**ASSIGNMENT:**
In the records below, find the line that holds "Wheat Gandum گندم 0". Restate it and every later line exactly, stopping at the end and skipping pictures.

**LISTED RECORDS:**
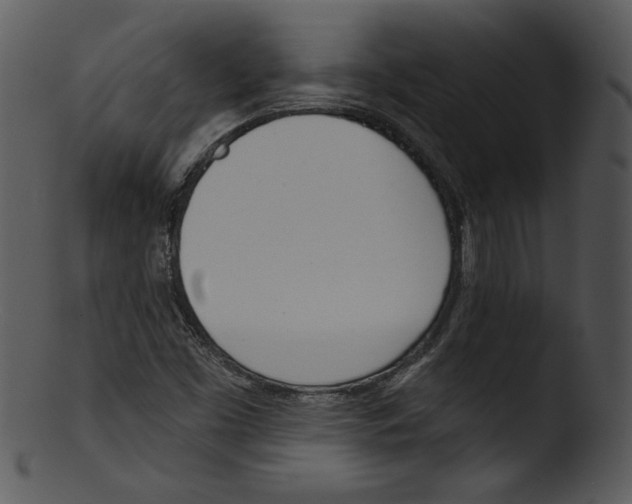 X0000103231453200809251253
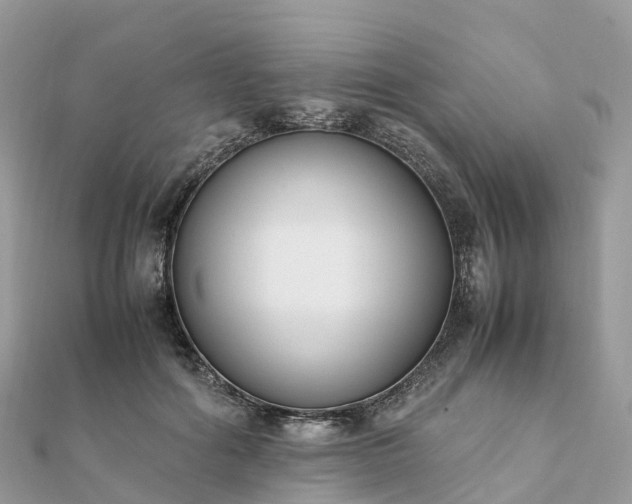 X0000111850602200907301112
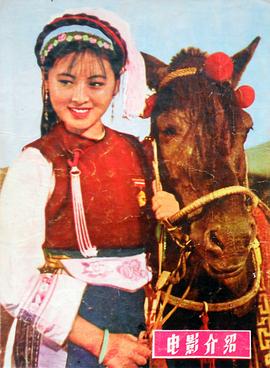 五朵金花 圖9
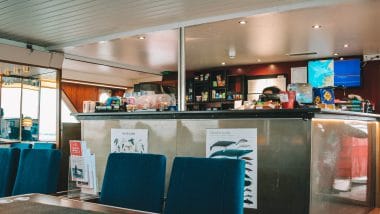 Elding Whale Watching tours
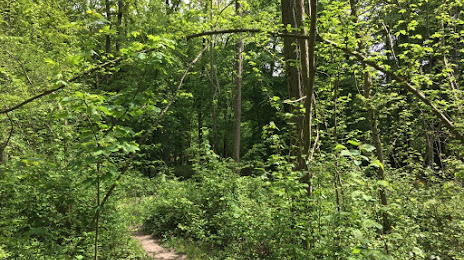 Forêt de Bois-d'Arcy, Montigny-le-Bretonneux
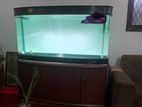 5 Feet Curve Aquarium Fish Tank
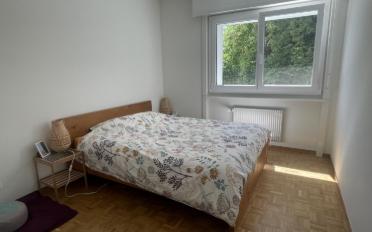 Apartment 2.5 rooms - image - 3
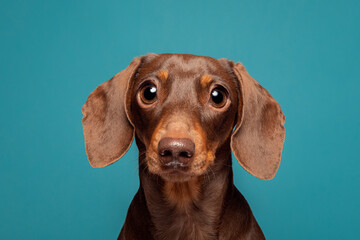 Dachshund Small Dog Blue Background Studio Headshot Portrait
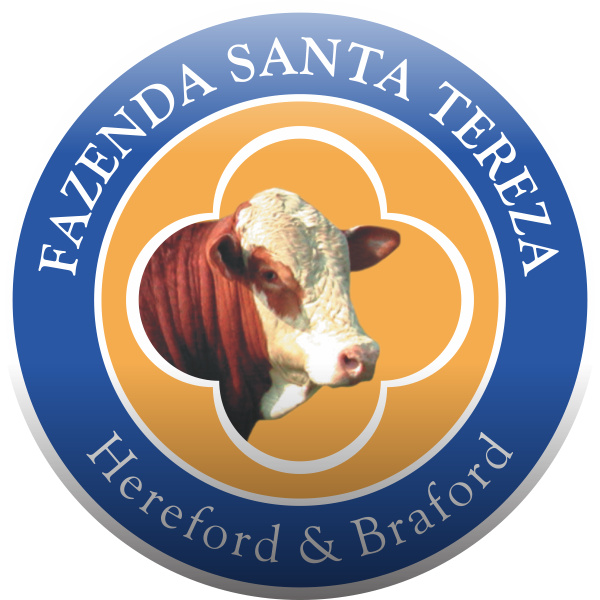 Fazenda Santa Tereza – Hereford e Braford – Arambaré/RS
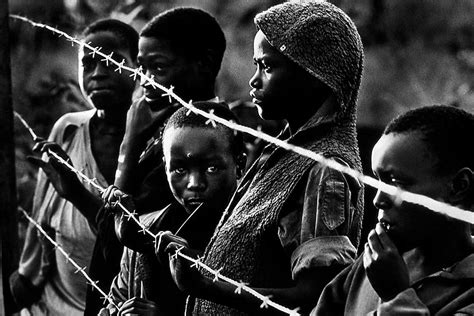 in the aftermath of genocide the u s role in rwanda Reader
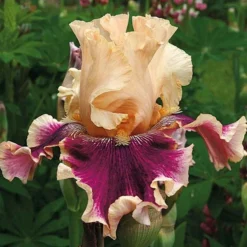 Pride Of The Border Bicolor Iris Collection - 4 Plants -Tree Bower Sales x600 37253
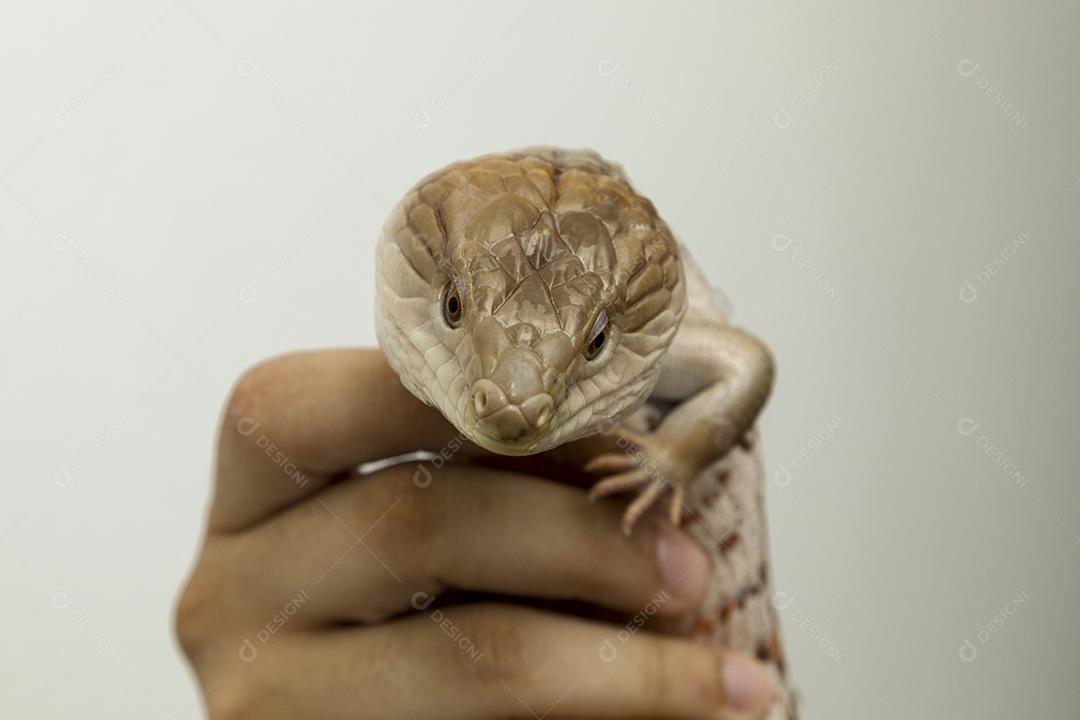 lagartixa de cola gorda selva. Animal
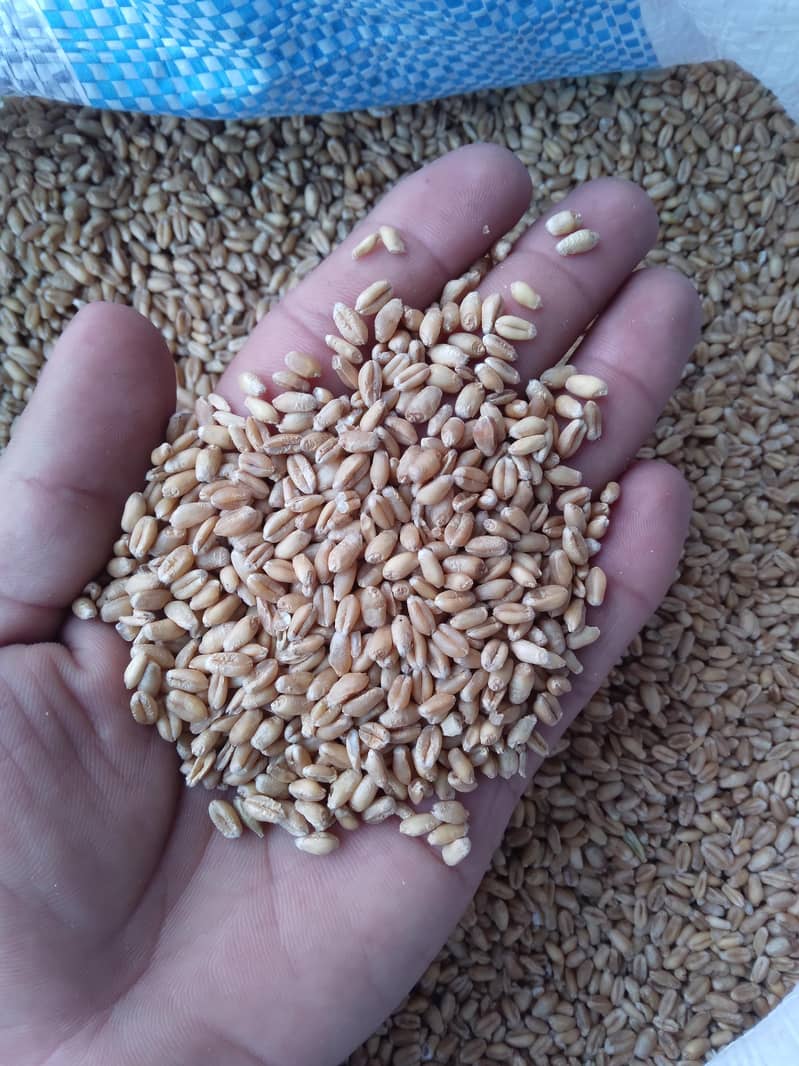 Wheat Gandum گندم 0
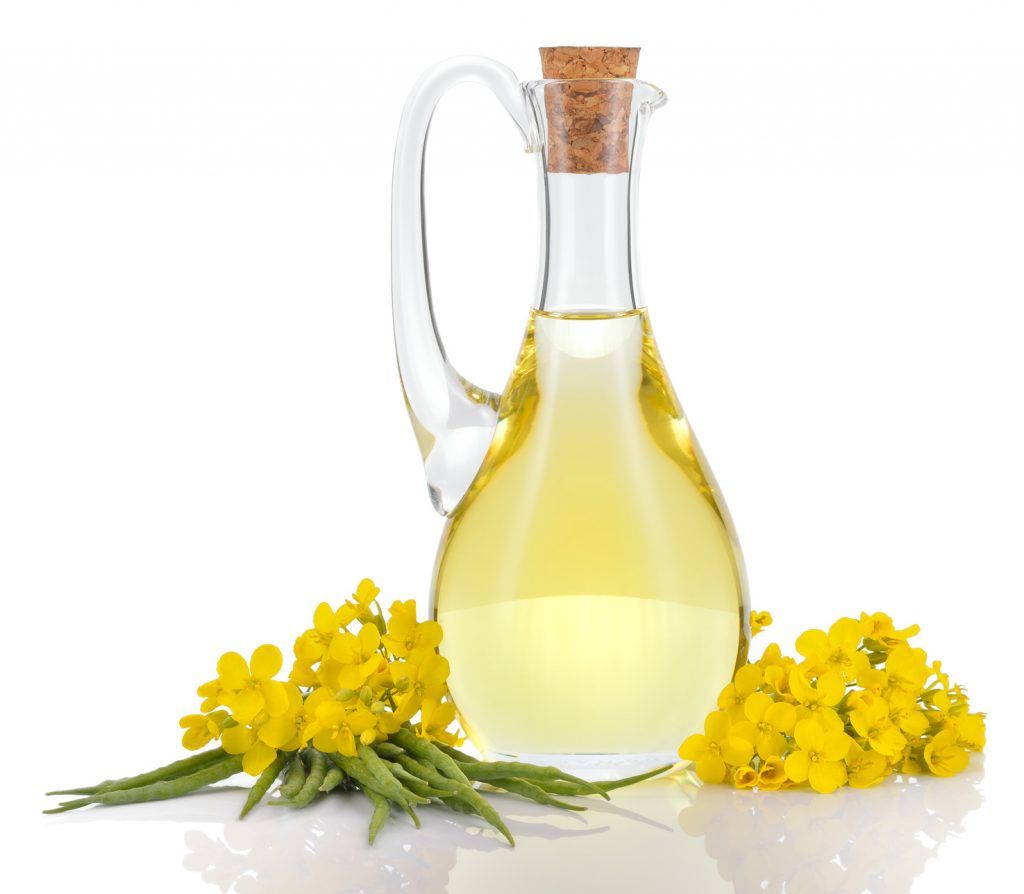 Rapeseed oil in decanter oilseed rape flowers and seeds isolated on white background. Canola oil.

**ANSWER SECTION:**
 Wheat Gandum گندم 0
 Rapeseed oil in decanter oilseed rape flowers and seeds isolated on white background. Canola oil.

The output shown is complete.